Procès des Hommens : le rôle inquiétant du parquet…

Gérant de société
 

Le 24 juin dernier, lors de l’audition en appel à Paris des quatre Hommens de Roland-Garros, le parquet a requis des peines allant de 12 à 18 mois de prison avec sursis et même 6 mois ferme pour l’un d’entre eux.

Au même moment et dans un autre procès, un autre procureur général déclarait lors de son réquisitoire contre le docteur Bonnemaison : « Votre volonté n’était pas de faire le mal (…) mais pour faire le bien, au regard de la loi, vous avez fait le mal », phrase qui appelait implicitement à la clémence du jury qui a finalement décidé d’acquitter l’accusé. À Paris au contraire, le Parquet a fustigé le comportements des Hommens qui étaient selon lui « des irresponsables qui masquaient leurs visages et n’assumaient pas la conséquences de leurs actes et qu’il fallait par conséquent punir sévèrement »

Rappelons que, dans un cas, le docteur Bonnemaison avait administré, de sa propre initiative et sans prévenir ni les familles ni le personnel médical, des produits à l’origine du décès de sept patients, afin prétendait-il « d’abréger leurs souffrances ».

Dans le cas des Hommens, l’objectif était, selon les auteurs des faits eux-mêmes, de défendre l’intérêt des enfants dans leur droit à avoir un père et une mère, en attirant l’attention de la presse internationale sur le mouvement de contestation de la loi Taubira que la presse française semblait fortement vouloir minimiser. Leur action avait donc consisté à intervenir pendant la finale 2013 de Roland Garros, retransmise devant 300 millions de téléspectateurs :
• en surgissant entre deux balles sur le cours central, visage masqué et torse nu avec une inscription « Kid’s rights » et un fumigène à la main ;
• et en brandissant, fumigènes à la main et visages masqués pour attirer l’attention, une banderole portant l’inscription « Hollande démission », visible depuis l’extérieur sur le court Suzanne Lenglen.

Bien calculée pour troubler le moins possible le déroulé sportif du match, l’action, qui a duré moins de 10 secondes, a rempli son objectif en terme médiatique puisqu’elle a été à l’origine de plus de 10.000 articles dans le monde entier.

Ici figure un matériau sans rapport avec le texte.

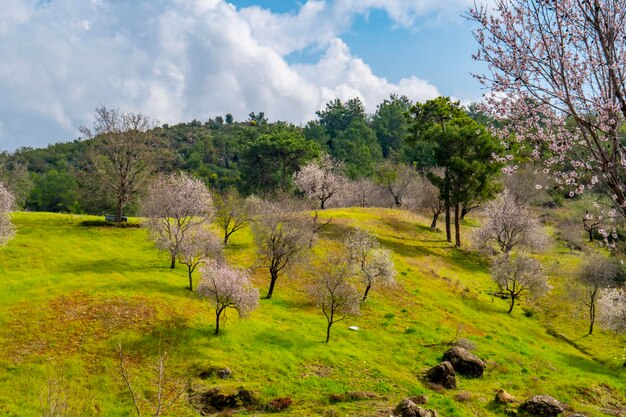 A field of almond trees with the word almonds on the bottom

Quant au masque qu’ils portaient sur leurs visages, il représentait pour les Hommens une manière d’agir non pas en leur nom propre mais au nom de tous et ne constituait en aucune manière une volonté « d’échapper aux conséquences » de leur action, car le fait qu’ils seraient appréhendés ne faisait pour eux aucun doute.

À la suite de cette action, huit Hommens ont été arrêtés et quatre d’entre eux relaxés en raison de vices flagrants de procédure.

Cette relaxe n’a pas plu au parquet qui a fait appel, entendant poursuivre les protagonistes pour « utilisation de fusées et feux d’artifices considérés comme arme au sens de l’article 132-75 », c’est-à-dire « des objets conçus pour blesser ou tuer » ce qui, selon une loi non ratifiée par le Parlement, est passible d’une peine pouvant aller jusqu’à trois ans de prison.

Le parallèle entre les deux affaires est frappant.

Dans un cas, il existe une infraction avérée qui a pour conséquence la mort non naturelle de sept personnes, et le parquet, censé défendre la société, met en avant une prétendue « volonté de faire le bien » qui aboutit à la relaxe de l’accusé sous les applaudissements de nombreux médias.

Dans l’autre cas, le parquet requiert une peine tout à fait démesurée pour des faits sans aucune violence, ni dégâts matériels, qui entendaient juste attirer l’attention sur ce qu’un grand nombre de personnes considère comme une atteinte aux droits fondamentaux de l’enfant, conséquence de la loi Taubira.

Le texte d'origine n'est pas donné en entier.